WORK TO BE COMPLETED: Each record is to be copied exactly, with its pictures left behind.

Records from a data source:
BEGIN
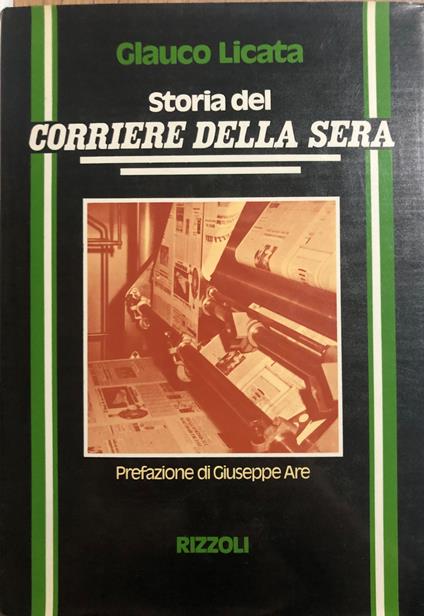 Storia del Corriere della Sera - Glauco Licata - copertina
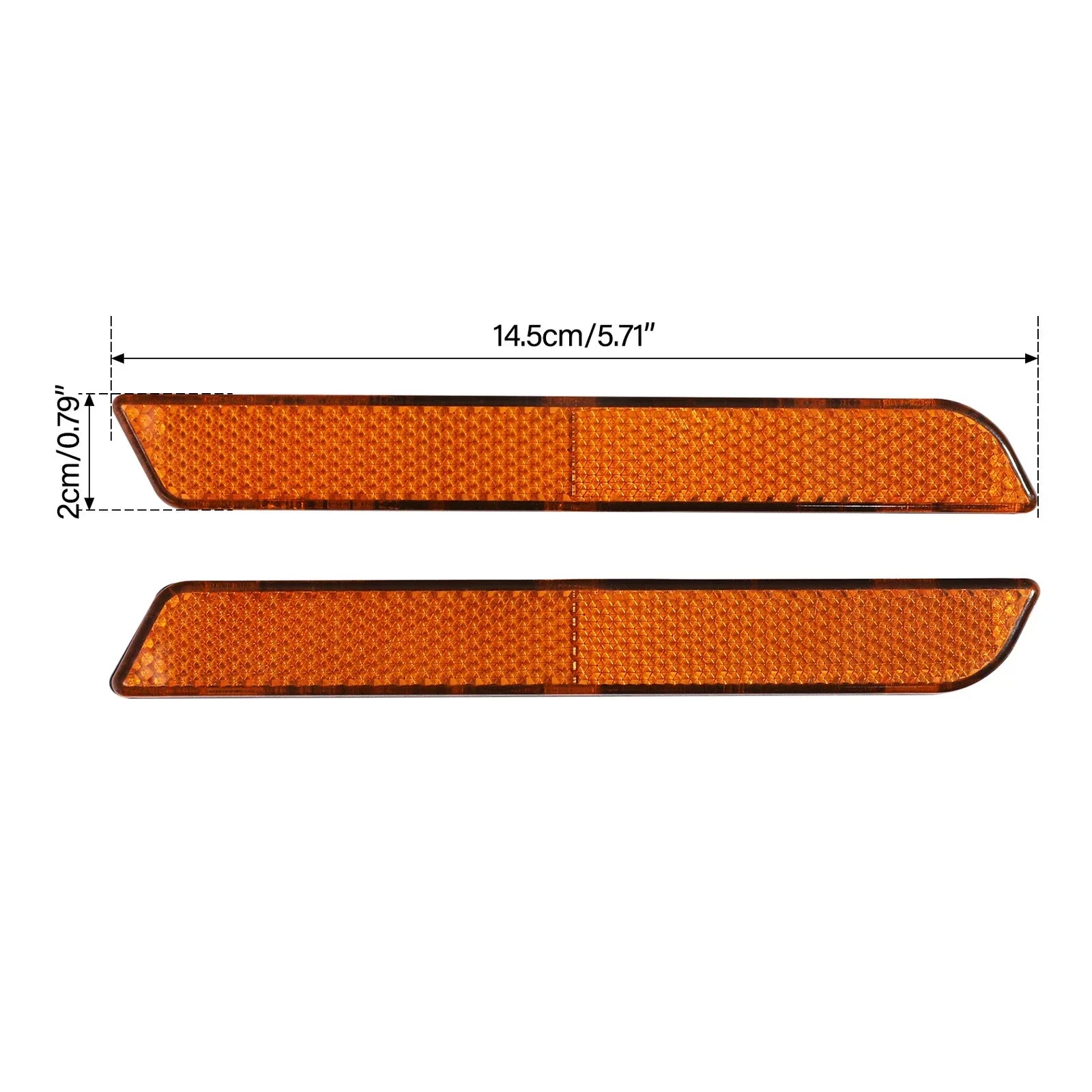 Saddlebag Latch Cover Reflectors for Harley Touring Road King (1994-2013)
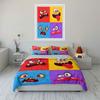 Cartoon Monster Decor Set Multiple Sizes Kid'S And Adults' Bedroom Exquisite 3Pc Bedding Set, Gift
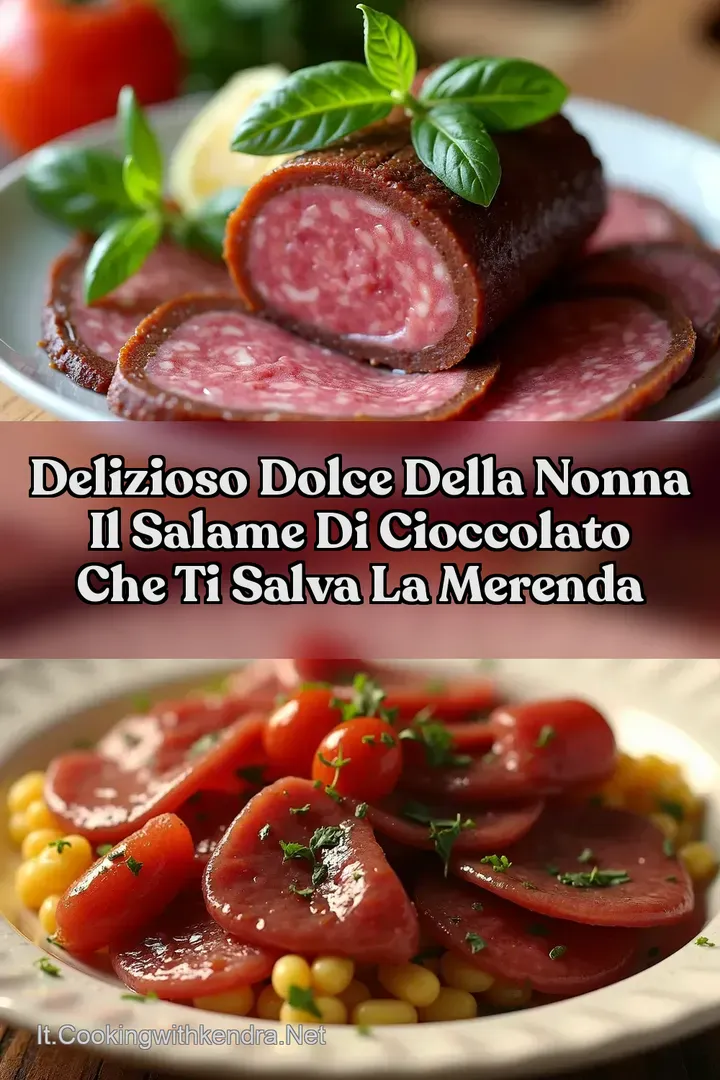 Delizioso Dolce della Nonna Il Salame di Cioccolato Che Ti Salva la Merenda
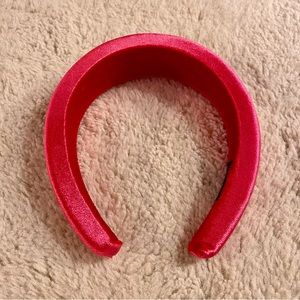 Hot Pink Fuchsia Velvet Padded Headband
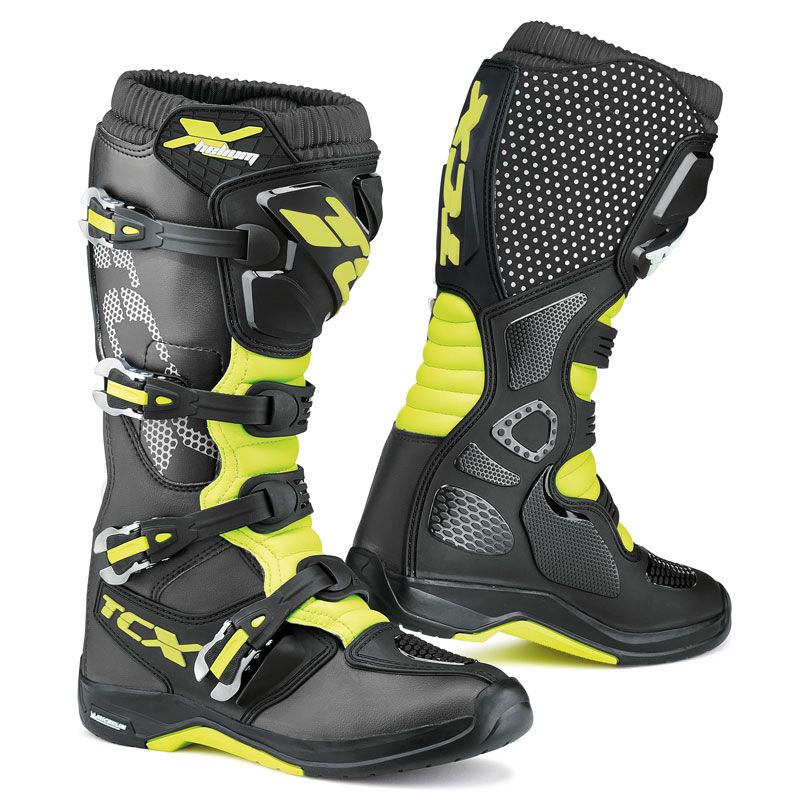 Bottes Cross Tcx Boots X-helium Michelin Noir/jaune Fluo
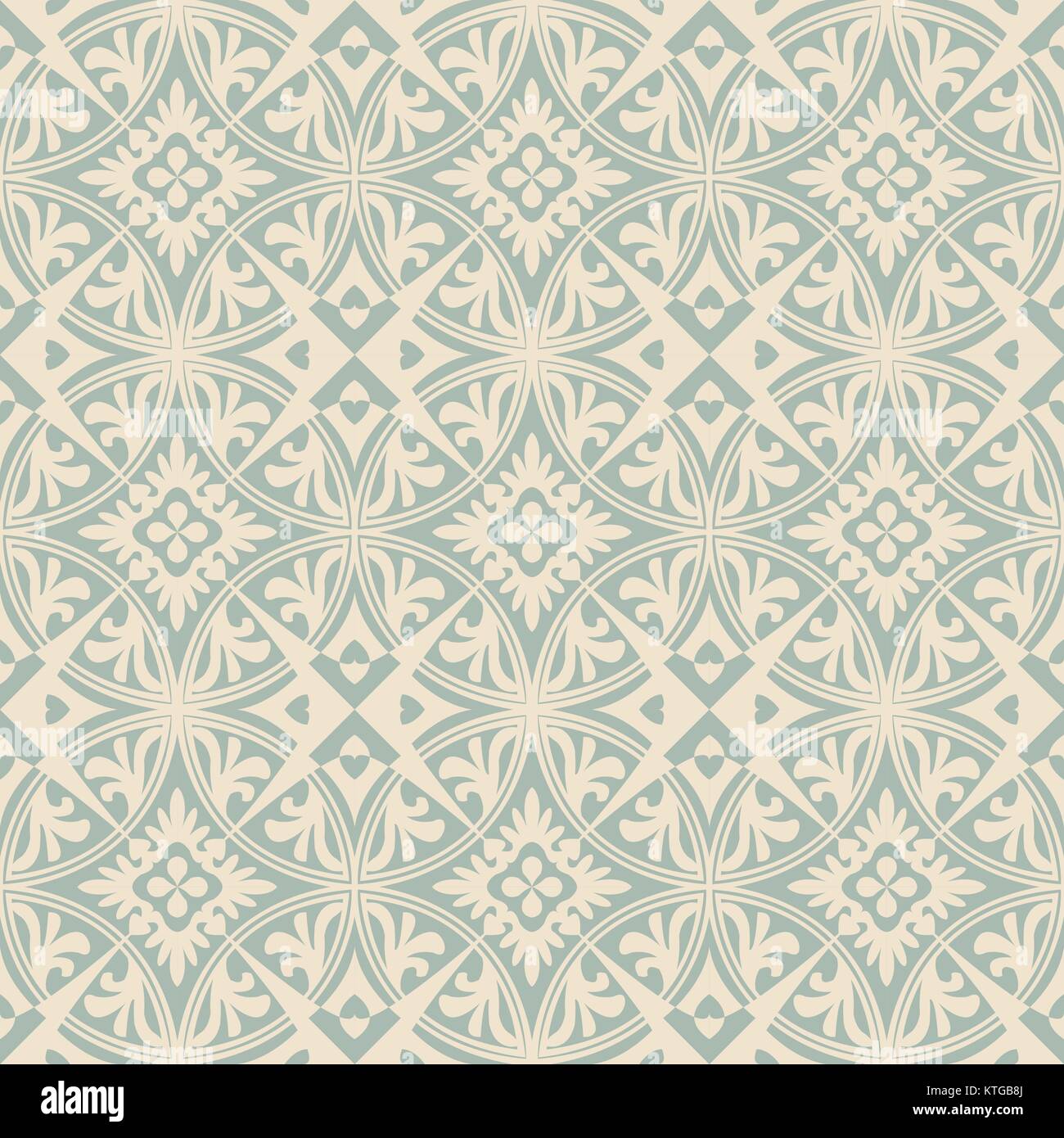 Antique seamless background royal round cross check flower Stock Vector ...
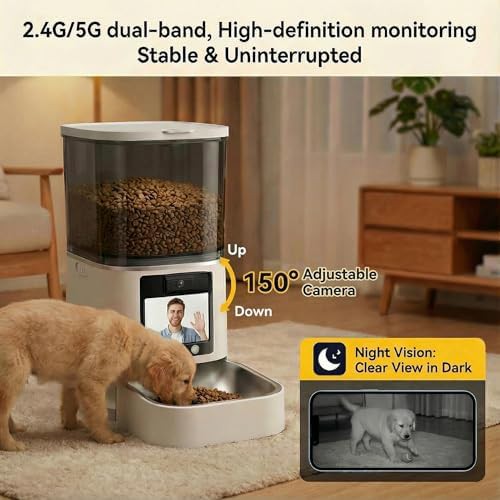 White smart feeder with night vision camera — photo 3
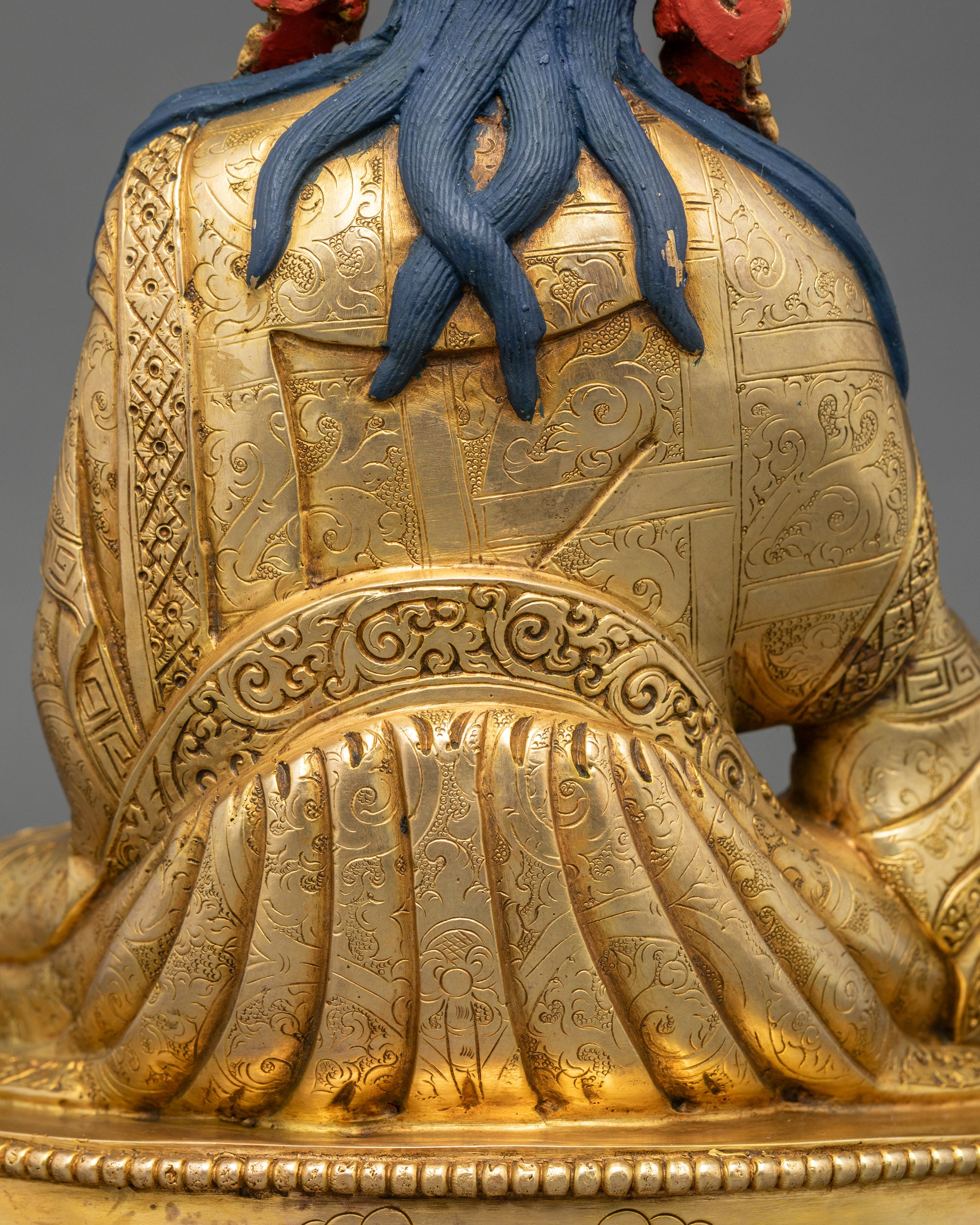 Guru Rinpoche Statue | Hand-Crafted Tantric Vajra Master Sculpture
END
EXERCISE RESPONSE:
 Storia del Corriere della Sera - Glauco Licata - copertina
 Saddlebag Latch Cover Reflectors for Harley Touring Road King (1994-2013)
 Cartoon Monster Decor Set Multiple Sizes Kid'S And Adults' Bedroom Exquisite 3Pc Bedding Set, Gift
 Delizioso Dolce della Nonna Il Salame di Cioccolato Che Ti Salva la Merenda
 Hot Pink Fuchsia Velvet Padded Headband
 Bottes Cross Tcx Boots X-helium Michelin Noir/jaune Fluo
 Antique seamless background royal round cross check flower Stock Vector ...
 White smart feeder with night vision camera — photo 3
 Guru Rinpoche Statue | Hand-Crafted Tantric Vajra Master Sculpture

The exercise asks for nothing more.